[[ Materials provided open ]]
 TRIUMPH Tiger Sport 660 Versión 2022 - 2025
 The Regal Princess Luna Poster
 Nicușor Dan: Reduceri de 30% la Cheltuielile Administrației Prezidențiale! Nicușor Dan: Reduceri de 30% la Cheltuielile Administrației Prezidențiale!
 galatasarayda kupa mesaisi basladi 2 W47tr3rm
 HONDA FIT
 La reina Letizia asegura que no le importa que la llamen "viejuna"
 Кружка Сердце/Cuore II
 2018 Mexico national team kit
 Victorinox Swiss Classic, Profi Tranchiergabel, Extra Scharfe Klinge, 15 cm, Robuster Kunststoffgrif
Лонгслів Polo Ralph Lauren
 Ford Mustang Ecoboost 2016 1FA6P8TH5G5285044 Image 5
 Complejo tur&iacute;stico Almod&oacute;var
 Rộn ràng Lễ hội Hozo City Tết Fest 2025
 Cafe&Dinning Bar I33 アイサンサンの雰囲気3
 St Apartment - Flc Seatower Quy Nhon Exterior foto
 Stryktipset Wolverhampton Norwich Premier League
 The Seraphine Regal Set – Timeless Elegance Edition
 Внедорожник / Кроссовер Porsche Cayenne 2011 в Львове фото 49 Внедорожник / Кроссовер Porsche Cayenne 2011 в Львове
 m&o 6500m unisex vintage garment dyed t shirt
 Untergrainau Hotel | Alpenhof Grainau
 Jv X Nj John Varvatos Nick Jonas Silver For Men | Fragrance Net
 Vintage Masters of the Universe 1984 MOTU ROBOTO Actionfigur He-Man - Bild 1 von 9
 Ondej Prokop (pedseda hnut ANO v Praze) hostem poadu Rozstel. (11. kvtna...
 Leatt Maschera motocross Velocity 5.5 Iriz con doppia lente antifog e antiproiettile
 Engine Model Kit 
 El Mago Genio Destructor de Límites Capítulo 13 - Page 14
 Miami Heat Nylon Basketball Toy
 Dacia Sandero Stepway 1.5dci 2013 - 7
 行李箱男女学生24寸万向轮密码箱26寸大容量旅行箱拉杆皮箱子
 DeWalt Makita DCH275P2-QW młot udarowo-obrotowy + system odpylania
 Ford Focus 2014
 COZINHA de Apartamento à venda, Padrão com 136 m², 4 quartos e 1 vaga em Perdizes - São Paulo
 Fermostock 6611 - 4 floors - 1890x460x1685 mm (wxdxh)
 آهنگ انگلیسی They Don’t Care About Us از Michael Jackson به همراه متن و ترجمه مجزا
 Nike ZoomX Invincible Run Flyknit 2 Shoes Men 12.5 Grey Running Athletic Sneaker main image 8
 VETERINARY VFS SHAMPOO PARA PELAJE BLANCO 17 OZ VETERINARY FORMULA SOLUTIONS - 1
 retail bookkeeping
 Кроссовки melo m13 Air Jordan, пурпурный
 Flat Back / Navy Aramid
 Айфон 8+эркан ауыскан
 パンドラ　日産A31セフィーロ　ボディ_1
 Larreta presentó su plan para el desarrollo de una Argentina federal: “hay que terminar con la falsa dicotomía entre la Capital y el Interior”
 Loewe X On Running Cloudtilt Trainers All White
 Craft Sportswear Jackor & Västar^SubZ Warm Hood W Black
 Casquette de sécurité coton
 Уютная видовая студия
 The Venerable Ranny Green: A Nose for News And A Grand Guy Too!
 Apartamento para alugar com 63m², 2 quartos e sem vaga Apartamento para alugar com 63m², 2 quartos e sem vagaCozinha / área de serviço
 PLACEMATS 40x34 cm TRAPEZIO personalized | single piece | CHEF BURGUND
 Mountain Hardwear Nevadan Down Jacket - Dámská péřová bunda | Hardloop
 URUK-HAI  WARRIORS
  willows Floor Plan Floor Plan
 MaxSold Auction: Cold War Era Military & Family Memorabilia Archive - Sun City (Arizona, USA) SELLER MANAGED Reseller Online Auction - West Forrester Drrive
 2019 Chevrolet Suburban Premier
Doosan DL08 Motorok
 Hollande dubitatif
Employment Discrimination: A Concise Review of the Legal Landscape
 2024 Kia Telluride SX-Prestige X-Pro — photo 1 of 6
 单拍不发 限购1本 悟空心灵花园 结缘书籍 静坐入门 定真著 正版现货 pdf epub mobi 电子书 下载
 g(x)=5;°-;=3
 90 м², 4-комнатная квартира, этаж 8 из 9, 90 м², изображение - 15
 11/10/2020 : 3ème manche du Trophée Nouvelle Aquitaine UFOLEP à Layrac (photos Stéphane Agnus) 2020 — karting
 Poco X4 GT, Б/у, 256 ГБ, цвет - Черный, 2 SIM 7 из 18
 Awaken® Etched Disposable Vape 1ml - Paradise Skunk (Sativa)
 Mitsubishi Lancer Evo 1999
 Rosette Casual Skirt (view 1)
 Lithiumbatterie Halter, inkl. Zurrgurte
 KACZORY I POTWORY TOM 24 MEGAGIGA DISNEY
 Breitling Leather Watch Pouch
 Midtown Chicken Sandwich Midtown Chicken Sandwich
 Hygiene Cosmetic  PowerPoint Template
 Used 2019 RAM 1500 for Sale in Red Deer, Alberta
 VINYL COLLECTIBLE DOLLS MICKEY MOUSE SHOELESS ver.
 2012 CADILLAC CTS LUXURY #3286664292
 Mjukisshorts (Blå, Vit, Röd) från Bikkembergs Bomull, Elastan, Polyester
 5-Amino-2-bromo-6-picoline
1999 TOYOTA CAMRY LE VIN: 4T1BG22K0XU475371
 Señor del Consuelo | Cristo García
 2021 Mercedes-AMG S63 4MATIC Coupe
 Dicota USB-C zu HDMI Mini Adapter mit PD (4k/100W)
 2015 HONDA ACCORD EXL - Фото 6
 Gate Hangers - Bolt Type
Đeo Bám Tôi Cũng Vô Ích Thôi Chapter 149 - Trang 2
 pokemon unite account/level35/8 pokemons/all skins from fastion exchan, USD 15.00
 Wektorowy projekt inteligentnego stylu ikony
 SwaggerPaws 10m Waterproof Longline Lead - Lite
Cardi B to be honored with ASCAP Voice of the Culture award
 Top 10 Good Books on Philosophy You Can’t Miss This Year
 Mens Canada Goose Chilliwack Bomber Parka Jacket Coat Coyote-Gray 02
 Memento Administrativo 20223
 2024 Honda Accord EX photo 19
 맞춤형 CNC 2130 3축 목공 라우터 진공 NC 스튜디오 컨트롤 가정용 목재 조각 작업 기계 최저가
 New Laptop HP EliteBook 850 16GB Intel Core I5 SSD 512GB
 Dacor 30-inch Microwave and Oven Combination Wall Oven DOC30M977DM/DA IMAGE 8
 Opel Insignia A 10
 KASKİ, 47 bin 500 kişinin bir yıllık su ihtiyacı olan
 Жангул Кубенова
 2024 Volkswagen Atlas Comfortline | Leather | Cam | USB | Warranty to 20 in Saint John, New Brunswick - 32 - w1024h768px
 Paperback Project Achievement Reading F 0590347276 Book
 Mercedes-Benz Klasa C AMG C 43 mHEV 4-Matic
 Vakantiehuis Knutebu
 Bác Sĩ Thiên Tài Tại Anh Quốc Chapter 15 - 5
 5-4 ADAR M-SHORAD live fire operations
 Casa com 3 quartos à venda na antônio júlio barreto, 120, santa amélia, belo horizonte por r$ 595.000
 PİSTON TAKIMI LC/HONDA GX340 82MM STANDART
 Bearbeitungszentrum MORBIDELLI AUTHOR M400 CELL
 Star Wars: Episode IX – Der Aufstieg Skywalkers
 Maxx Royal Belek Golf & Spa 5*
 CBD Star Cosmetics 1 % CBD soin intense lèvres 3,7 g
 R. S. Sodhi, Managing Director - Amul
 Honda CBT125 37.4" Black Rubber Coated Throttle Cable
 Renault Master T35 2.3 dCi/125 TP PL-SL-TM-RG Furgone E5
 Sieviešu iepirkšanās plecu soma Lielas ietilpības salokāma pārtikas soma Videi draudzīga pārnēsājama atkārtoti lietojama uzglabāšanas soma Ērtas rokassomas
[[ Materials provided closed ]]
### Task description
Look through the data above and return exactly the lines from the one that contains "2018 Mexico national team kit" to the one that contains "Stryktipset Wolverhampton Norwich", inclusive, with nothing else.

### Solution
 2018 Mexico national team kit
 Victorinox Swiss Classic, Profi Tranchiergabel, Extra Scharfe Klinge, 15 cm, Robuster Kunststoffgrif
Лонгслів Polo Ralph Lauren
 Ford Mustang Ecoboost 2016 1FA6P8TH5G5285044 Image 5
 Complejo tur&iacute;stico Almod&oacute;var
 Rộn ràng Lễ hội Hozo City Tết Fest 2025
 Cafe&Dinning Bar I33 アイサンサンの雰囲気3
 St Apartment - Flc Seatower Quy Nhon Exterior foto
 Stryktipset Wolverhampton Norwich Premier League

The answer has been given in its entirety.